PROVIDED DATA:
- - - - -

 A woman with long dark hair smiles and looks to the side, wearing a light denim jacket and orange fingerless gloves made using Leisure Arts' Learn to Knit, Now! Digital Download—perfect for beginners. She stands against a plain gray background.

- - - - -

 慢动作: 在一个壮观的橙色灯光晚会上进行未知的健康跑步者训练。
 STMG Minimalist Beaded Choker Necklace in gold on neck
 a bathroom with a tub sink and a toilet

- - - - -

WHAT THE TASK ASKS:
Every line above from the line with "慢动作: 在一个壮观的橙色灯光晚会上进行未知的健康跑步者训练。" to the line with "a bathroom with a tub sink and a toilet" is wanted, ends included; write them out exactly and add no other line.

RESULT:
 慢动作: 在一个壮观的橙色灯光晚会上进行未知的健康跑步者训练。
 STMG Minimalist Beaded Choker Necklace in gold on neck
 a bathroom with a tub sink and a toilet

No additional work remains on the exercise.